Print every entry again exactly, with no pictures.

··· Material to process ···

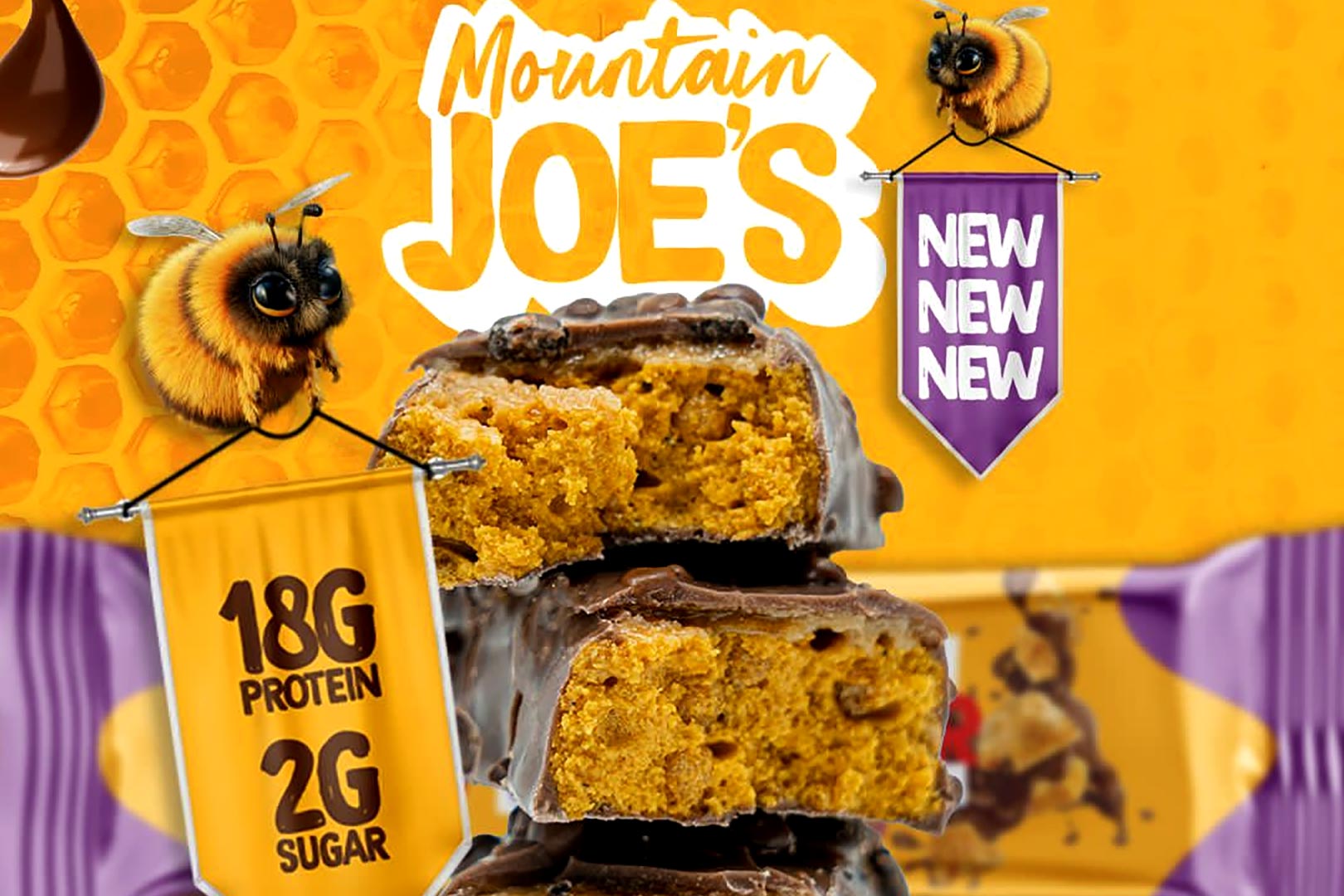 Mountain Joes Chocolate Honeycomb Protein Bar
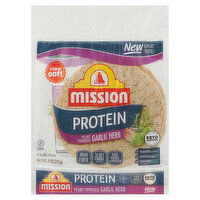 Mission Tortilla Wraps, Plant Powered, Protein, Garlic Herb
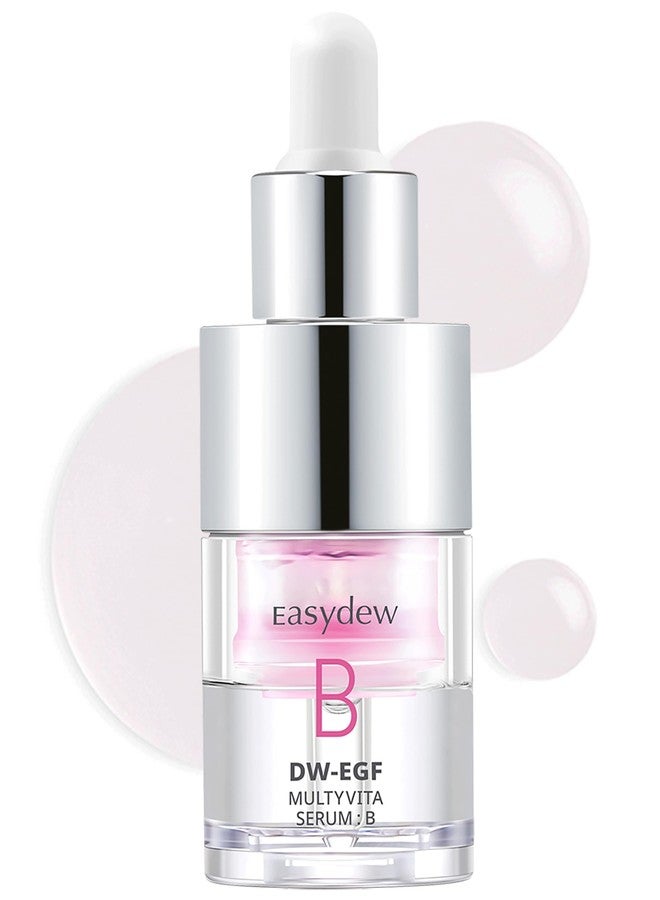 EASYDEW Multi Vita B Serum - Korean Facial Serum for Healthy Skin Barrier with Vitamin B, EGF Peptide, Ceramide NP, Panthenol - Hydrating, Revitalizing and Strengtening Skin Barrier, 0.47 fl.oz. - Image 1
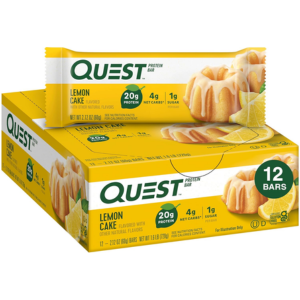 Quest 12-Count Nutrition Lemon Cake Protein Bars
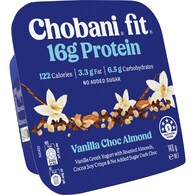 Chobani 16G Flip Protein Greek Yogurt Vanilla Choc Almond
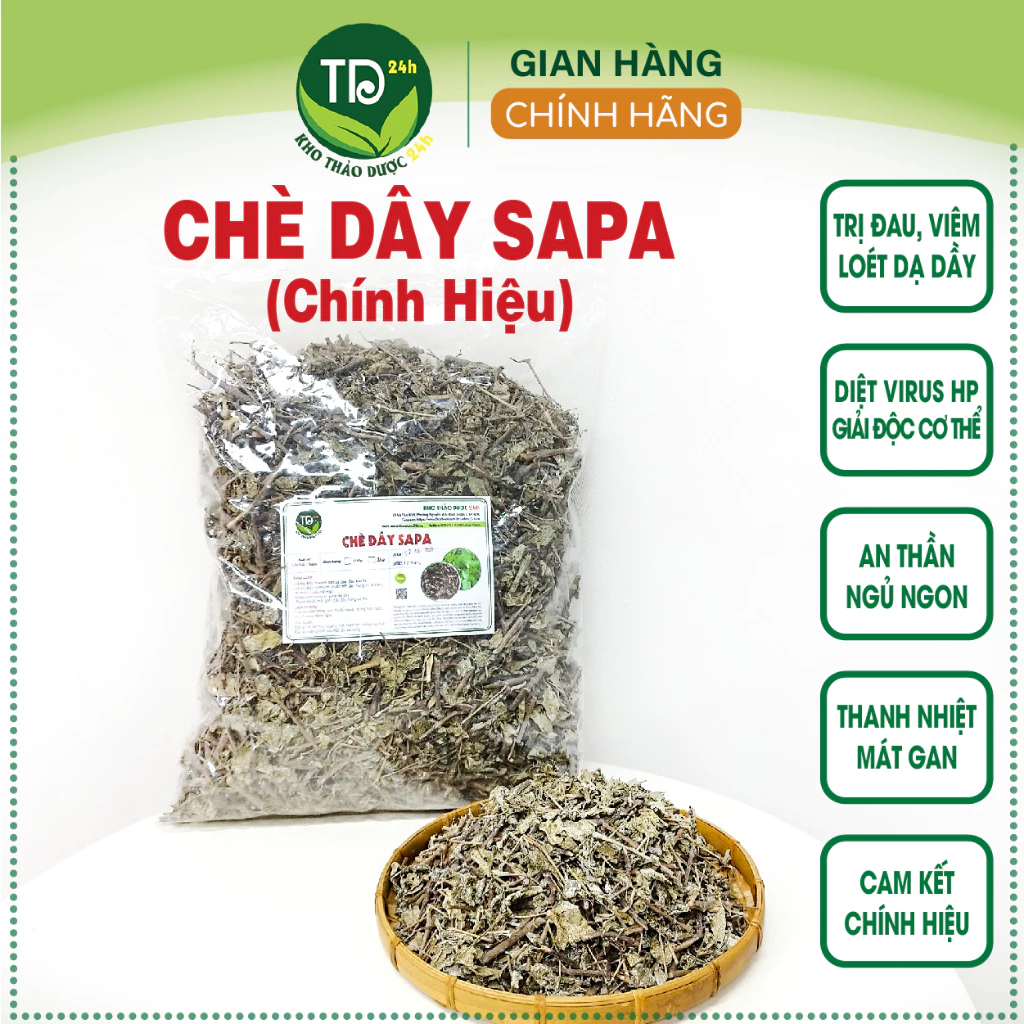 Chè dây Sapa nguyên chất, khắc tinh của chứng đau dạ dày, đau bao tử, diệt virus HP [1 kg ] I Kho Thảo dược 24h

···

Solution to the exercise:
 Mountain Joes Chocolate Honeycomb Protein Bar
 Mission Tortilla Wraps, Plant Powered, Protein, Garlic Herb
 EASYDEW Multi Vita B Serum - Korean Facial Serum for Healthy Skin Barrier with Vitamin B, EGF Peptide, Ceramide NP, Panthenol - Hydrating, Revitalizing and Strengtening Skin Barrier, 0.47 fl.oz. - Image 1
 Quest 12-Count Nutrition Lemon Cake Protein Bars
 Chobani 16G Flip Protein Greek Yogurt Vanilla Choc Almond
 Chè dây Sapa nguyên chất, khắc tinh của chứng đau dạ dày, đau bao tử, diệt virus HP [1 kg ] I Kho Thảo dược 24h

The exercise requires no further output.